Schellekens, 54 anni, tecnico ambientale laureato in tutela penale del paesaggio, ha capito che combattere lo spreco può portare innumerevoli vantaggi per tutti. “Passeggiando per Olbia ho visto molti limoni per terra e ho pensato: non è possibile, bisogna fare qualcosa – racconta -. È da qui che circa un mese fa è partito il mio progetto”.
Così, raccogliendo circa trecento chili di limoni con il consenso dei proprietari degli alberi, li ha consegnati nei bar, ristoranti e trattorie della città. Dalle donazioni ricevute in cambio della frutta a chilometro zero, Schellekens ha acquistato 16 libri per la scuola elementare di Isticadeddu e 28 piante di agrumi con la speranza di vederle crescere nei cortili degli istituti scolastici.

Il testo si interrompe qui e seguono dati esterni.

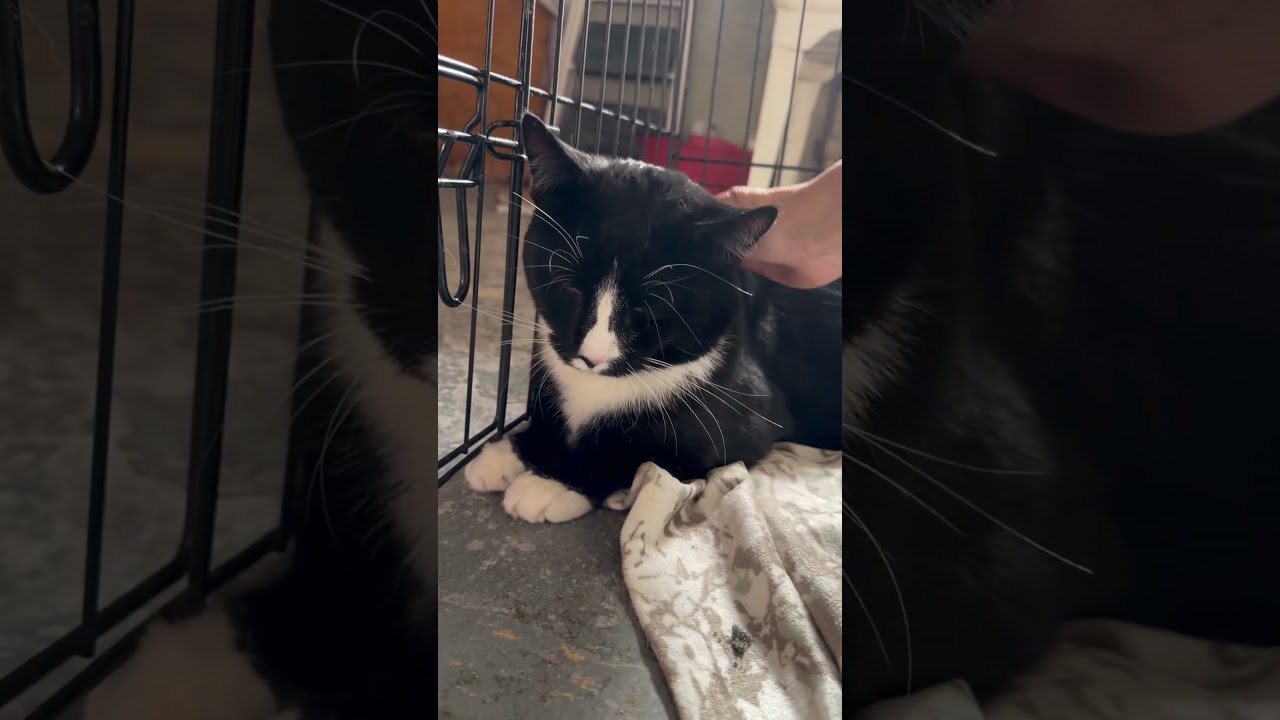 Enlarge Willy, a ADOPTABLE American Shorthair in Brooklyn, NY video 5/5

“I bambini dovrebbero essere educati a mangiare frutta – dice Schellekens – e le piante abbelliscono i posti. Si tratta quindi un circolo virtuoso. Purtroppo – continua il 54enne – per piantarle a scuola occorrono molte autorizzazioni ma nel frattempo, tramite il presidente del comitato di quartiere di Isticadeddu, Piergiovanni Porcu, sono riuscito a donare dieci piante all’associazione di volontariato Villa Chiara mentre le altre dieci sono state prenotate dalla vicesindaca di Telti, Piera Azzena, per una manifestazione che si svolgerà questo mese e che vedrà i bambini protagonisti. Le restanti le ho regalate ad alcune famiglie olbiesi come buon augurio”.

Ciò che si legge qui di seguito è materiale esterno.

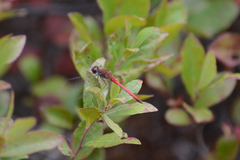 Sympetrum vicinum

Con la sua iniziativa che promuove la cultura e guarda al mangiare green, Federico Schellekens ha piantato un piccolo seme di speranza che aspetta di veder germogliare. “Ormai tutti mi chiamano l’uomo dei limoni. Per l’anno prossimo penso ad un agrumeto sociale, in un’area individuata dal comune di Olbia, i cui frutti possano essere destinati a mense delle scuole e dei poveri”.